**Provided data**
* * * * * * *

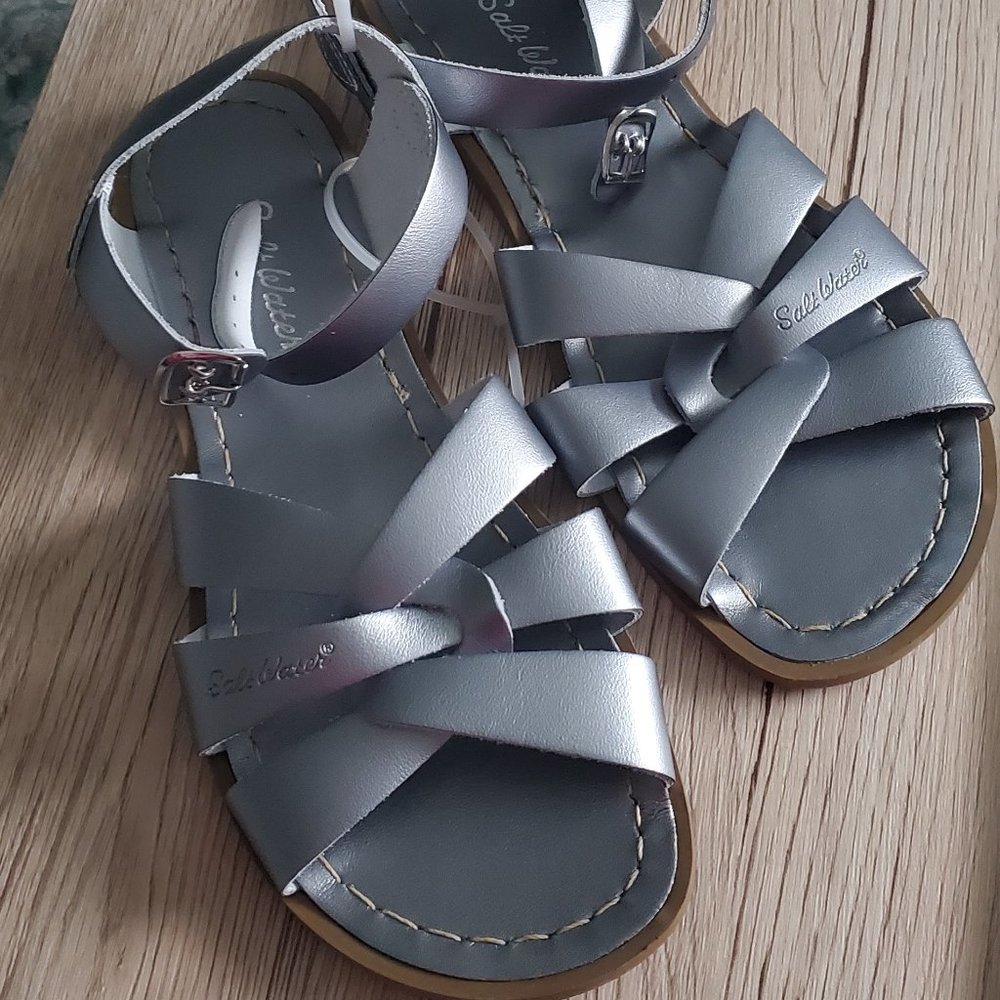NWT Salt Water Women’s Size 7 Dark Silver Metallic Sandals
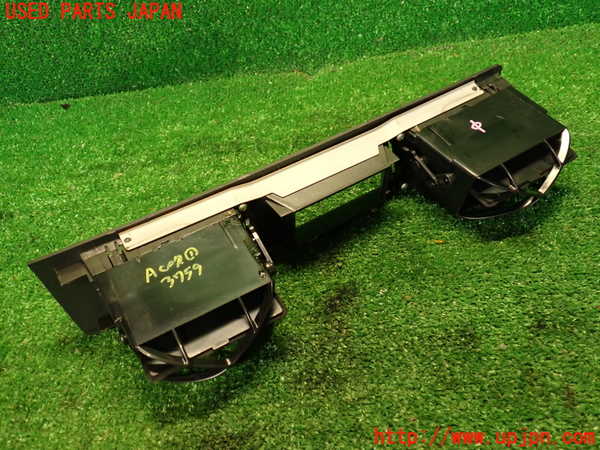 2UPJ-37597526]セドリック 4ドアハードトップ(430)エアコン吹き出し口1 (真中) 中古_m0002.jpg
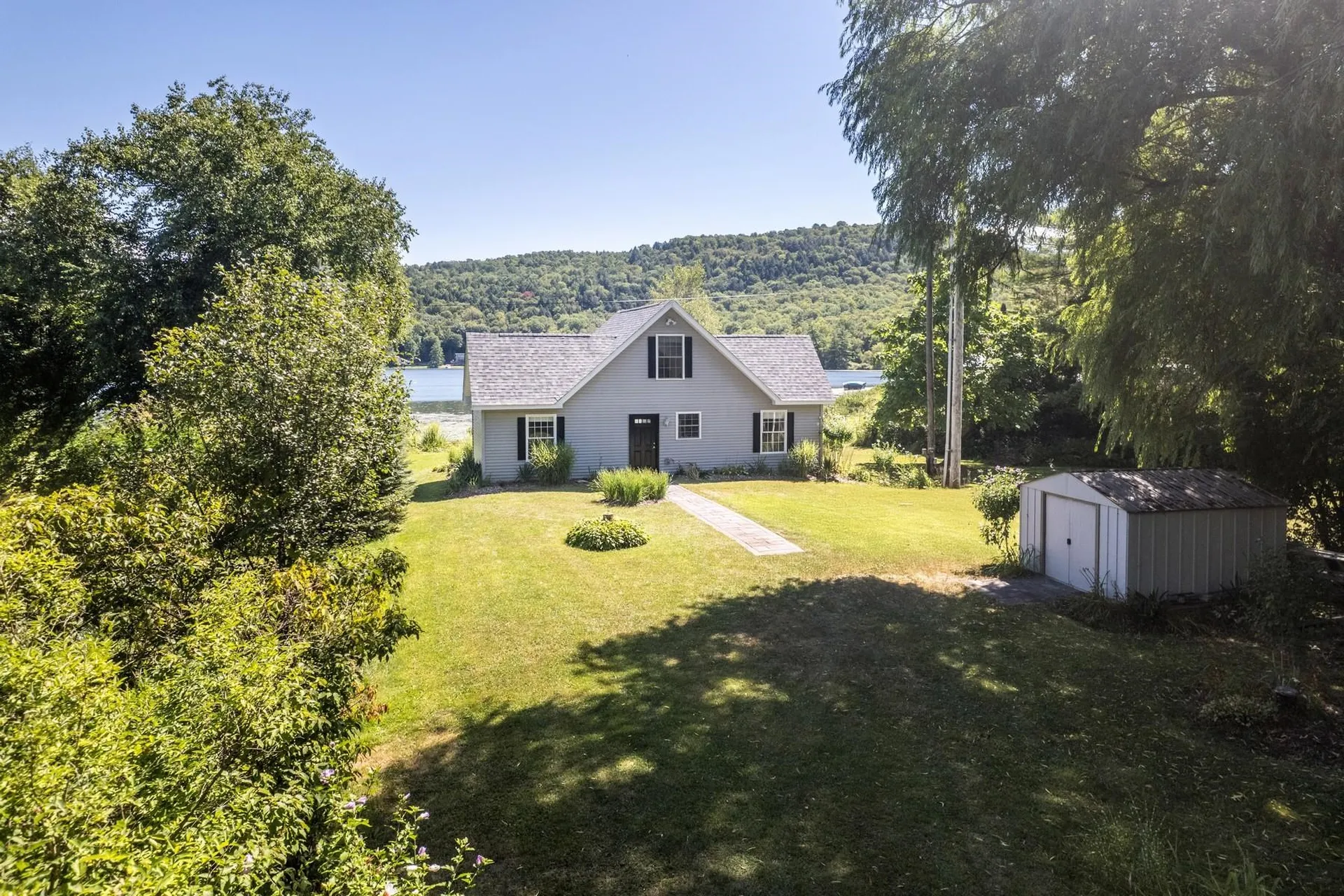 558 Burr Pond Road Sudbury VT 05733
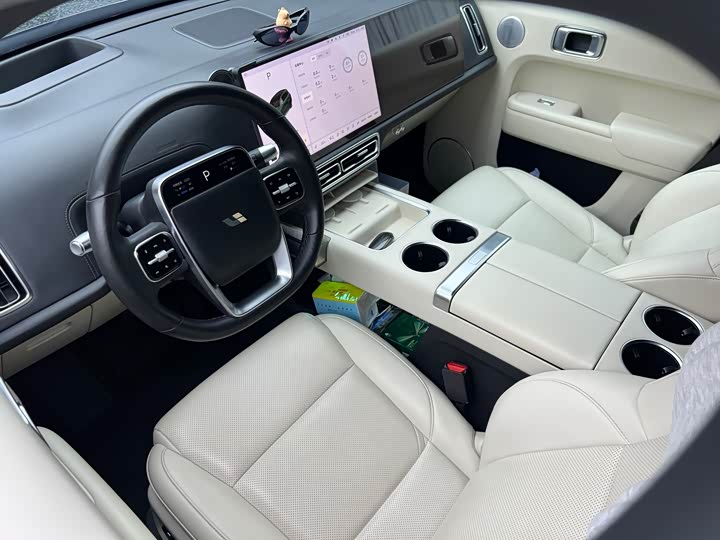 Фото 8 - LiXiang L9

* * * * * * *

**The task**
Retype the line containing "2UPJ-37597526]セドリック 4ドアハードトップ(430)エアコン吹き出し口1 (真中)" and all lines after it to the end of the material, exactly as written, leaving out any pictures.

**Answer box**
 2UPJ-37597526]セドリック 4ドアハードトップ(430)エアコン吹き出し口1 (真中) 中古_m0002.jpg
 558 Burr Pond Road Sudbury VT 05733
 Фото 8 - LiXiang L9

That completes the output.